There are 3 stages of frozen shoulder: 
  • Freezing Stage - painful stage with loss of shoulder movement. Pain is often worse at night. Generally lasts 3-9 months. 

  • Frozen Stage - pain levels often begin to settle but movement loss can progress further. May be still unable to perform movements such as reaching your hand behind your back, reaching forwards or sideways. Generally lasts 4-12 months. 

  • Thawing Stage - movement begins to return and symptoms improve. Generally lasts 12-42 months. 

Typical Symptoms/features:

  • Gradual onset of shoulder pain which may radiate down the arm to the elbow with reduction in movement. 

  • Pain often worse at night.

  • Loss of shoulder rotation (taking your hand away from the body or putting your hand behind your back), shoulder flexion (reaching up) and shoulder abduction (reaching sideways). 

Management:

  • Activity modification 

- When you first start noticing pain, it may help to reduce your activity for a time to allow the pain to settle.

- However, keeping your shoulder moving and active can help maintain the strength in the shoulder.

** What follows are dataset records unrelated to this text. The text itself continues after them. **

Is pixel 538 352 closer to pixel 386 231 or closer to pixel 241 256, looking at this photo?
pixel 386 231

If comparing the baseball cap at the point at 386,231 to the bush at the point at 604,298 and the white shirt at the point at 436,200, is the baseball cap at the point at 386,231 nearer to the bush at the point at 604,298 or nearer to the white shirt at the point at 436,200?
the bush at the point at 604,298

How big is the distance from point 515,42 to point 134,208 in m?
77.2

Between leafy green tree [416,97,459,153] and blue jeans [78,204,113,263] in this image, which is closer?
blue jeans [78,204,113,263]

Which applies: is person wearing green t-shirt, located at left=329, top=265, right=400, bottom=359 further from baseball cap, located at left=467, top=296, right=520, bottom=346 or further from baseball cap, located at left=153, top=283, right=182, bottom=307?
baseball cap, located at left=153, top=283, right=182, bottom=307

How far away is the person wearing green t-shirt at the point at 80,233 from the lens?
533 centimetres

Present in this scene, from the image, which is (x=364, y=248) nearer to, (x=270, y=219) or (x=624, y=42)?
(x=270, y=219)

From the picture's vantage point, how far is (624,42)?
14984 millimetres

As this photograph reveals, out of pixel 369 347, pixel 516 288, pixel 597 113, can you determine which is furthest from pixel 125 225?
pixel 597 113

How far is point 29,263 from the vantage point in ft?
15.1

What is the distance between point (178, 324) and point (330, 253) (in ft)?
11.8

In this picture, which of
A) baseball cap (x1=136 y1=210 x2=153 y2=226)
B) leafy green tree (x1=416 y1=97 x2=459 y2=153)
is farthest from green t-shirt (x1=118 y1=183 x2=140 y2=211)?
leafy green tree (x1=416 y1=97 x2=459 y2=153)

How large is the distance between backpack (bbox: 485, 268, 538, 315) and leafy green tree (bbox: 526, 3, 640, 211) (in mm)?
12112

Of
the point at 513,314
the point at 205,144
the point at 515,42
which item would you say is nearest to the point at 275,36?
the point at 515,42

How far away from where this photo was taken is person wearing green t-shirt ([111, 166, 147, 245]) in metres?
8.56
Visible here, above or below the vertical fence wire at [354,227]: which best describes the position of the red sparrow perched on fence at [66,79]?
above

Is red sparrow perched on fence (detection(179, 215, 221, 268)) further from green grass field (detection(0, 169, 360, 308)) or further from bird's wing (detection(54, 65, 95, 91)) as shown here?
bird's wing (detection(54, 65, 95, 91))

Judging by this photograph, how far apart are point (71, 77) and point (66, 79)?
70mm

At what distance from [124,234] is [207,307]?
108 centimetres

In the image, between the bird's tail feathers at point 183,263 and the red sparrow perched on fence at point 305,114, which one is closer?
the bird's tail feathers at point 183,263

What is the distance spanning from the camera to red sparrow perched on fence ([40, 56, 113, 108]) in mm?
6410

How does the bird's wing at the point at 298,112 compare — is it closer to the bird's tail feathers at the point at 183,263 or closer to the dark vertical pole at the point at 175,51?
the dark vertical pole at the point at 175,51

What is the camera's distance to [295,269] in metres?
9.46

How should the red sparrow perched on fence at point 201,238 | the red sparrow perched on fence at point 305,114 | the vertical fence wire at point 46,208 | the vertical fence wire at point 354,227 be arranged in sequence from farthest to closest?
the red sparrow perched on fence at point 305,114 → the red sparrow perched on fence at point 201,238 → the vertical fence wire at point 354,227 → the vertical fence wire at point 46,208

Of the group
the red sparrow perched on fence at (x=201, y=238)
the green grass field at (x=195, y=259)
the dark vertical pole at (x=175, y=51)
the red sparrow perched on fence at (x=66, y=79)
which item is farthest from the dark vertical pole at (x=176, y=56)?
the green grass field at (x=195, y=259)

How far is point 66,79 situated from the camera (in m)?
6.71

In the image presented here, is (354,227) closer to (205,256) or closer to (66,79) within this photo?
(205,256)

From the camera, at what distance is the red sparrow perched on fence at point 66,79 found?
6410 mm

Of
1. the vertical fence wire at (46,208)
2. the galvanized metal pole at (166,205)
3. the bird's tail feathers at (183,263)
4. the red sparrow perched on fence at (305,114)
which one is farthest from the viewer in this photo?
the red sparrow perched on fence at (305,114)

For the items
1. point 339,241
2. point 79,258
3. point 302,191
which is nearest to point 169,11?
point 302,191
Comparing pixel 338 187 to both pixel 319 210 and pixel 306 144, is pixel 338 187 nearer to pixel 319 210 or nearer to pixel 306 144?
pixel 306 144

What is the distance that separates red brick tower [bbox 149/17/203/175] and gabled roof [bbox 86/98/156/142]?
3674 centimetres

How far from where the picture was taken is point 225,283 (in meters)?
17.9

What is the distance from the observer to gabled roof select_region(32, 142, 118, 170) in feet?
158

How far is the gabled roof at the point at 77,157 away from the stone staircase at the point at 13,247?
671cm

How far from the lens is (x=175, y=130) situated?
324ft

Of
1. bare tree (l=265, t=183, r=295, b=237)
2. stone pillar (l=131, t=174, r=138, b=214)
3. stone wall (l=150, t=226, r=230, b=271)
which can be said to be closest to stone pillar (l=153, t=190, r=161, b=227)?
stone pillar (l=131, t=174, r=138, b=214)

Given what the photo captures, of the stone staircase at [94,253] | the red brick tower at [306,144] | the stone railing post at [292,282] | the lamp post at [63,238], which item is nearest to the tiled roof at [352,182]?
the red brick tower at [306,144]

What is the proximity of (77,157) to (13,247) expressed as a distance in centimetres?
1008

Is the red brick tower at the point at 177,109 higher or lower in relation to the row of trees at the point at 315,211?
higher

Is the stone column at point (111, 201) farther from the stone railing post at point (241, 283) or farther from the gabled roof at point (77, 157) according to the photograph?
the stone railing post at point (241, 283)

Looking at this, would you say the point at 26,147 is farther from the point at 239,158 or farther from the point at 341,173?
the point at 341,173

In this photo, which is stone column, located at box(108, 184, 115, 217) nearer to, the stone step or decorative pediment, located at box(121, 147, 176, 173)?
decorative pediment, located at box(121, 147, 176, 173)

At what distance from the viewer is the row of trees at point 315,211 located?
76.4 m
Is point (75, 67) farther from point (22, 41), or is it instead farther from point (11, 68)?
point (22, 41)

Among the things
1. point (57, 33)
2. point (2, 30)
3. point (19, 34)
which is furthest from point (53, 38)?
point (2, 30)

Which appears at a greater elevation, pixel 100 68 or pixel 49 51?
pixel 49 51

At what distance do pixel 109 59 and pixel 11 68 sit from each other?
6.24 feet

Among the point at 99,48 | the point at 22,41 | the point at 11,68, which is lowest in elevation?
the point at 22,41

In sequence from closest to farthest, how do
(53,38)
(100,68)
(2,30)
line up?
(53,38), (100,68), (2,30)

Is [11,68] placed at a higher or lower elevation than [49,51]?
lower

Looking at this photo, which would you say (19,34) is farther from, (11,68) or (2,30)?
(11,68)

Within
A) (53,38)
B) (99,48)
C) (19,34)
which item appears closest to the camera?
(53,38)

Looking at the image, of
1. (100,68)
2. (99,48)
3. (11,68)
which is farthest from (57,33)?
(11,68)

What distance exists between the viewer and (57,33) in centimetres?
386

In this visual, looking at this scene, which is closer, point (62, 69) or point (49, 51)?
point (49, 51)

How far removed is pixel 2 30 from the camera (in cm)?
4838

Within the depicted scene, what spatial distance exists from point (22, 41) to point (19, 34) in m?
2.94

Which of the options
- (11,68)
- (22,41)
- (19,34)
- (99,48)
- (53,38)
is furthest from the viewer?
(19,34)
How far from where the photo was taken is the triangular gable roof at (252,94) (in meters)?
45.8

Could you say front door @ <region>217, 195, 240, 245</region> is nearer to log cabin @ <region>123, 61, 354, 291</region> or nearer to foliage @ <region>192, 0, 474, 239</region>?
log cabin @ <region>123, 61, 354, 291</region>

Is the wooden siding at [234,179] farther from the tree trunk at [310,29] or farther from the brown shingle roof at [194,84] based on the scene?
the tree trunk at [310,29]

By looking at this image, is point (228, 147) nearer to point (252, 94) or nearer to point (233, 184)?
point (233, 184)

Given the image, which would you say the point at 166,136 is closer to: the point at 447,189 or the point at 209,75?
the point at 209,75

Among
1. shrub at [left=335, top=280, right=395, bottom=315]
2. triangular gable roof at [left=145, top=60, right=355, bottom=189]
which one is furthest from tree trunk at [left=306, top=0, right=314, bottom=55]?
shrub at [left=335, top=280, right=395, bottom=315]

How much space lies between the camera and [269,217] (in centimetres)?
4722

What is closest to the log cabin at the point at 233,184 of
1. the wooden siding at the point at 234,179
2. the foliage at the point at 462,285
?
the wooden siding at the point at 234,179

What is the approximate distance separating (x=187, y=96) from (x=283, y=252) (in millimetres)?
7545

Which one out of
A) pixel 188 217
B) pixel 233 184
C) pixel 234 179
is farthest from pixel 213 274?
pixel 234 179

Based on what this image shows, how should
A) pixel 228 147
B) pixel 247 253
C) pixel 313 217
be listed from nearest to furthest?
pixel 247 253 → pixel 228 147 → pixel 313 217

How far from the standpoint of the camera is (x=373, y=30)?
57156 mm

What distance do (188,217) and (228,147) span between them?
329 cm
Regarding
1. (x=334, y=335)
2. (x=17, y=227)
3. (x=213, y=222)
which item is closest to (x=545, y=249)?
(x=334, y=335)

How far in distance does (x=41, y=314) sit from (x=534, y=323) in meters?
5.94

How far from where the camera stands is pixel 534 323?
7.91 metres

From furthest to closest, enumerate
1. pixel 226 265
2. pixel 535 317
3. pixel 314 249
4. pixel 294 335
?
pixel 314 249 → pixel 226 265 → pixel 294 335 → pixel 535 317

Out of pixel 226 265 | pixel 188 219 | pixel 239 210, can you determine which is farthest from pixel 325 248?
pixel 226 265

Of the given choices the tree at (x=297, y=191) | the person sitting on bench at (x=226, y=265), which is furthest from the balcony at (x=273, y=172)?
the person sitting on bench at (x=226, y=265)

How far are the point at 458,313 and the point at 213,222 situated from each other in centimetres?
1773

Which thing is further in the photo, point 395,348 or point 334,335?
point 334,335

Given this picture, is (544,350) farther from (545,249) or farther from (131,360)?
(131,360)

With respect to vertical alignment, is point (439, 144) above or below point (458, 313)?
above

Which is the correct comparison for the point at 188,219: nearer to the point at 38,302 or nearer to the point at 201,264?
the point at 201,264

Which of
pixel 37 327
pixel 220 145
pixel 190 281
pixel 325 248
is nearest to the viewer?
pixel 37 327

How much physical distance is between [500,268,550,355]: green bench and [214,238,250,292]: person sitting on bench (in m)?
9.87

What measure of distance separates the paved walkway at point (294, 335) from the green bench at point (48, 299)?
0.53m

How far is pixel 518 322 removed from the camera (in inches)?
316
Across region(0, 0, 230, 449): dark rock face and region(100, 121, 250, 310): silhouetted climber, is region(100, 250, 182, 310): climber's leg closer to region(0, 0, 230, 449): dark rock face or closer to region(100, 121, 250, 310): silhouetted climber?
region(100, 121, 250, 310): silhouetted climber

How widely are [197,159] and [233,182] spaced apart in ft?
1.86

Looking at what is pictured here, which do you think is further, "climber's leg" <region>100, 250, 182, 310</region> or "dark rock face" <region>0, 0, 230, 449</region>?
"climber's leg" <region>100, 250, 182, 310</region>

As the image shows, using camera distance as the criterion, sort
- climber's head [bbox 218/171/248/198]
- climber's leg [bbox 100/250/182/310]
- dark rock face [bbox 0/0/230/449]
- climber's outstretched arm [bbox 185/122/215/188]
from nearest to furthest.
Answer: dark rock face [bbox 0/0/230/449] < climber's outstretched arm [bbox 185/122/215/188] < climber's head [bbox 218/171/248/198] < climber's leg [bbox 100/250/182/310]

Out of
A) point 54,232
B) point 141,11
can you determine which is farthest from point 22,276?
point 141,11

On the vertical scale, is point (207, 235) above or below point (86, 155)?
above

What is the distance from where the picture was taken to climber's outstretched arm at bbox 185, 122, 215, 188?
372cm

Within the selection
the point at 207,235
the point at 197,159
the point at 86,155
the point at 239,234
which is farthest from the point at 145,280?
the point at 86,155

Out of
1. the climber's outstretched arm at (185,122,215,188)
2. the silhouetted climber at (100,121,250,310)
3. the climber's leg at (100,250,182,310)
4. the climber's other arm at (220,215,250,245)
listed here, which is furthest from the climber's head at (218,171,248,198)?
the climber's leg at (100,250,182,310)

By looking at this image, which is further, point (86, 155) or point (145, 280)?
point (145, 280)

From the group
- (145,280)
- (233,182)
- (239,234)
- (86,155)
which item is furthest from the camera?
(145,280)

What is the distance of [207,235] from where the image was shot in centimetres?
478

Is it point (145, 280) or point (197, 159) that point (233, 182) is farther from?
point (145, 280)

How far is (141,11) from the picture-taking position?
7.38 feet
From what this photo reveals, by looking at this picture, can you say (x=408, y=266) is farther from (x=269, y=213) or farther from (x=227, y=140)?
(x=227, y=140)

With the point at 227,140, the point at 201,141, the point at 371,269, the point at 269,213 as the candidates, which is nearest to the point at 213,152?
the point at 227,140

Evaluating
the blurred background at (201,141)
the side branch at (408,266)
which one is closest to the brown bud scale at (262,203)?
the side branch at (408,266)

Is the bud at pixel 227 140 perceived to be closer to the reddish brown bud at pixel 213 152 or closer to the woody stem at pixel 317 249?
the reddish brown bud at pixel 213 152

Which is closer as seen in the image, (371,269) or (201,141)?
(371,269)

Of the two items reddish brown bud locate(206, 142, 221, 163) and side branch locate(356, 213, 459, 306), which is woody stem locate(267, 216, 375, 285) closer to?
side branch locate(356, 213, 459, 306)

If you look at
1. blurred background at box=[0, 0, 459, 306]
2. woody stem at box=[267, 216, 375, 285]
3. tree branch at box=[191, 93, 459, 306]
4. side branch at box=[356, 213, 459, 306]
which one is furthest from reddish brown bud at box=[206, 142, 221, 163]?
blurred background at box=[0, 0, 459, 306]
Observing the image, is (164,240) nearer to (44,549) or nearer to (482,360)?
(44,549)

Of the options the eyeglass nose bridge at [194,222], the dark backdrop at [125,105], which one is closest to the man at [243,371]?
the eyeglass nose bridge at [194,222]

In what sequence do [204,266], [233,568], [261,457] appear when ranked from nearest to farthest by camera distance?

- You may need to alter the way your get dressed or do your hair (e.g. put your affected arm in first to a shirt or jacket sleeve). 

  • Ice or heat.

  • Pain relief.

  • Physiotherapy – during the freezing and frozen stages, maintenance exercises can be given. Once the thawing stage is reached, more range of movement and strengthening exercises can be introduced.

  • Orthopaedic Options: more invasive options are available such as corticosteroid injection, Hydrodilitation and possible manipulation under anaesthetic.

Do I need imaging?  

  • X-rays can be used to rule out bony pathology (e.g. dislocation or osteoarthritis). People with frozen shoulder will generally have normal X-rays.